4.5.1 Vertex AI Endpoints
Vertex AI Endpoints is Vertex AI’s serverless model hosting service. Any model uploaded on Model Registry can be deployed to an endpoint. Custom serving containers are supported. In this case any prediction request sent to the endpoint is handled by a custom application. A given model can be deployed on multiple endpoints at a time, which can for instance be beneficial when a model should provide predictions through several endpoints with different specifications. Moreover, multiple models can be deployed to a given endpoint. In this case it is required to specify how the traffic is split among all models. This is particularly useful for A/B tests and canary releases of new model versions.

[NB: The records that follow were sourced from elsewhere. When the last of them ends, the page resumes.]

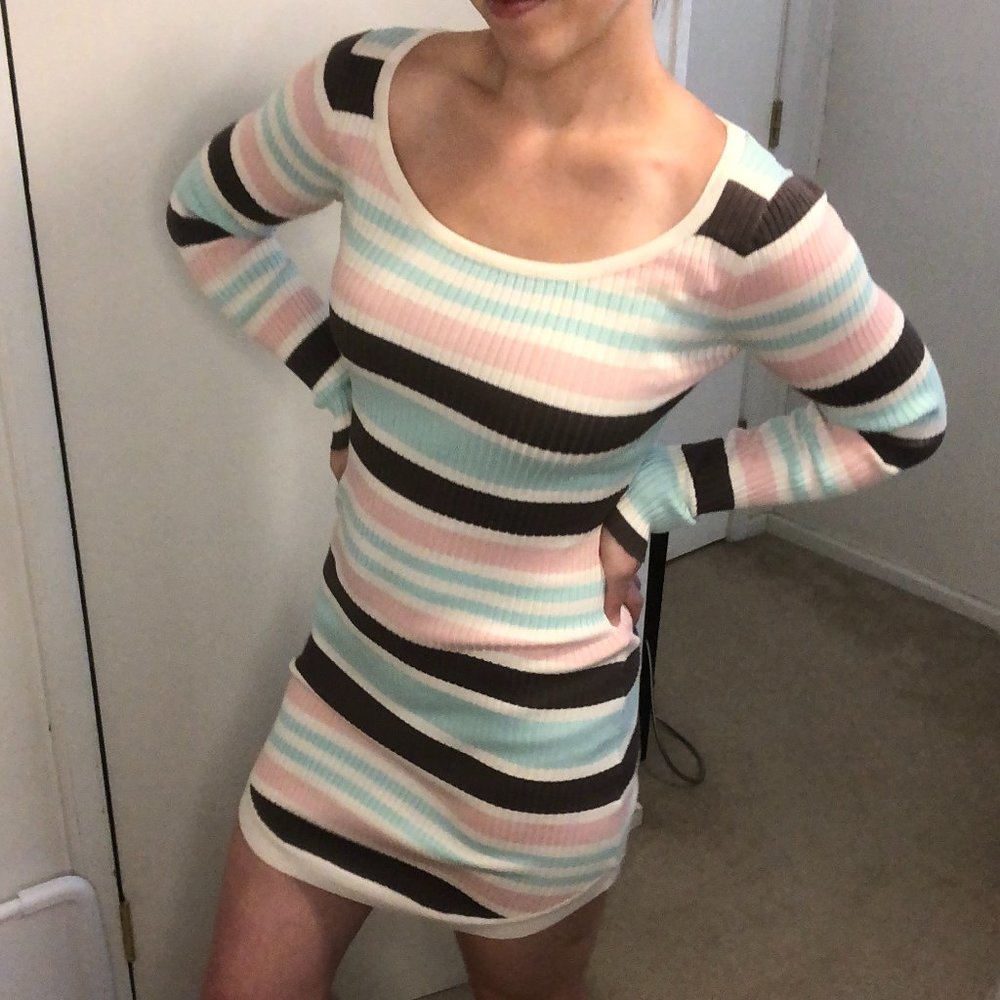 EUC Striped Ribbed Sweater Dress - Say What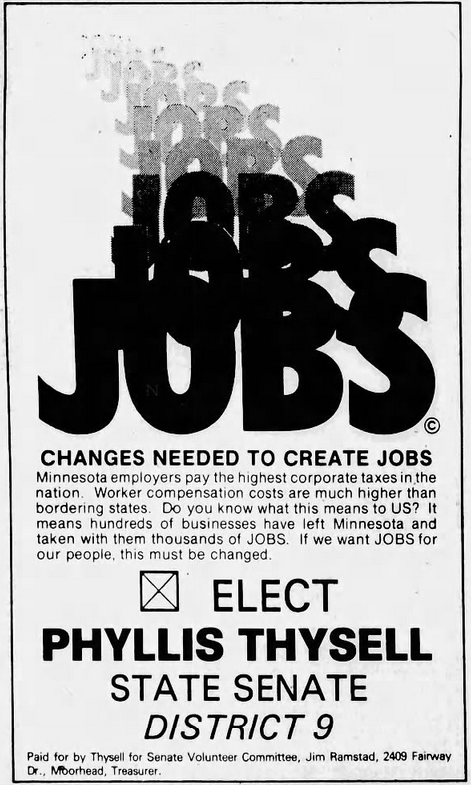 Print advertisement for Phyllis Thysell's 1982 SD 09 general election campaign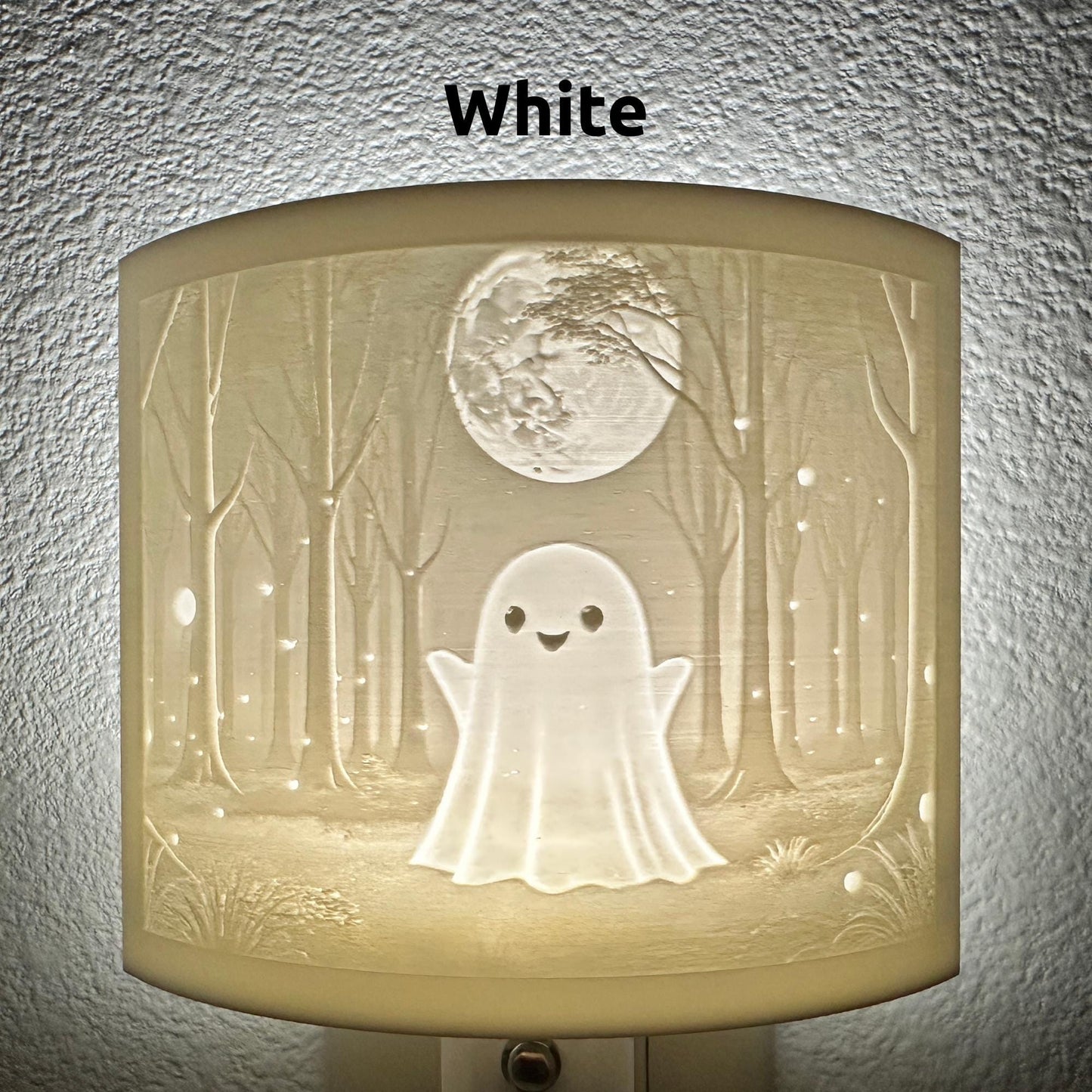 Friendly Ghost Night Light | Whimsical Halloween Home Decor | White or Beige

A Vertex AI endpoint can scale horizontally, thus adding nodes if more computational power is needed to provide predictions. However, the minimum number of nodes required at any given time is 1, therefore it is not possible for the endpoint to completely scale down to 0 prediction nodes.
Vertex AI Endpoints are designed to integrate well with other Ver tex AI resources, for this reason they provide more in-depth monitoring over model performances than other deployment solutions. Model Monitoring is available for models deployed on Vertex AI Endpoints, therefore providing a service to automatically detect prediction anomalies.
4.5.2 Cloud Run
Cloud Run is a serverless service that allows the user to run containerized applications. A serving application with a custom prediction script can then be hosted on Cloud Run to deploy a trained model, which does not need to be uploaded to Model Registry. This solution also allows autoscaling of nodes to accommodate variable utilization rates, including scaling down to 0 nodes unlike Vertex AI Endpoints. Cloud Run allows some customization over the resources that run the serving application. Cloud Run provides monitoring over container uti
lization, however, model monitoring is not integrated as in Vertex AI Endpoints and should be implemented separately, for instance by the means of custom metrics. Additionally, rolling out new model versions and A/B testing must be handled on the application side as Cloud Run does not contain any logic around ML models.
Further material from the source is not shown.